In the thirteen years since that trip, I’ve gone on lots more adventures. I’ve biked across Colombia, Ecuador, Costa Rica, and eastern Canada. I’ve backpacked a thousand miles of the Appalachian trail, worked as a trekking guide in Nicaragua, hitch hiked across Latin America. 

But even so, when I think of myself as a “cyclist” or an “adventurer” I start to get a little nervous.

I’ve never been able to shake the feeling that I’m an imposter. I often feel like a fraud to my big ideas, like I don’t measure up, and that people will soon realize this. I am well versed in imposter syndrome: it’s the feeling that I’m walking into someone else’s party, and I don’t belong.

A couple years ago when I first sat down to write a story about my bike trips, I had to face this part of myself. I really, really wanted to write my story, but at the same time, what did I possibly have to say? I felt myself slip into a familiar anxiety.

Then, sitting in front of the blank computer screen, something inside me finally snapped.

“OH HELL NO,” I told myself. “THIS IS NOT THE PARKING LOT I’M GOING TO DIE IN.” I could see my younger self in Anchorage, getting back on the saddle. And I remembered: I don’t have to be perfect. I just have to be me.

So I wrote my damn story. And–finally–I started to have fun with imposter syndrome.  Because I’m a big goofball! And this is my party, too!

Now when I feel like an imposter, I just tell myself OH HELL NO and imagine that I’m crashing a party in my funniest costume. I arrive at the door in my penguin onesie and glitter wig, and walk right in. No one else is in costume, but I don’t care.  The music thumps and we all start to dance. Everybody loves it! I belong!

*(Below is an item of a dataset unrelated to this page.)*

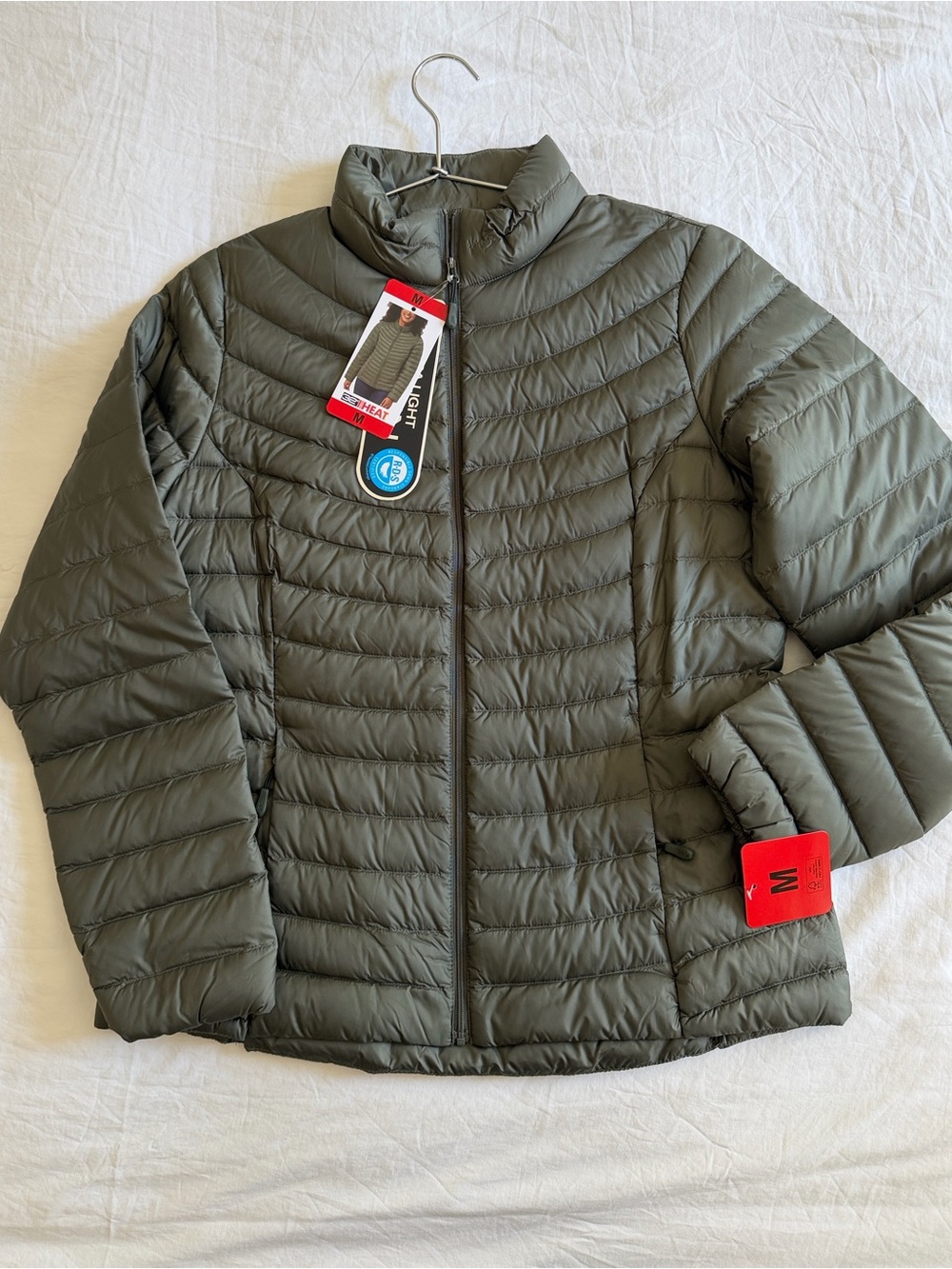 32 Degrees Down Jacket puffer packable foldable lightweight olive green layer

And if the other people don’t love it, that makes the fantasy even funnier. Can you imagine a glitter penguin being ostracized at a dance party? I can, and it’s hilarious. So any way you look at it, it’s a win. Showing up–as you are, as you want to be–is always a win.

This fantasy runs through my head all the time now, and it always makes me feel better. It’s more fun to crash the party than to sit in the parking lot.

In November I applied to be a Kona ambassador because it looked really fun. Then once I was accepted, I went to the website and checked out the other ambassadors. I scrolled through their photos and started to get that sinking feeling. “Oh shit,” I thought to myself, “these are actual athletes!”

I went into the farm kitchen, where I work, and found my friend Laurel.

“Laurel, look at this!” I said, waving my ambassador contract. “This is a contract for actual athletes! They, like, win races. And there’s a picture of this girl jumping like 50 feet in the air.  HOW DID SHE GET SO HIGH?”

“Oh my gawd,” said Laurel. “Do you feel like an imposter?”

“Oh HELL NO!” I laughed. I put my arms in the air and did a little shimmy. “This is my party!”

And we both bounced around the kitchen, laughing.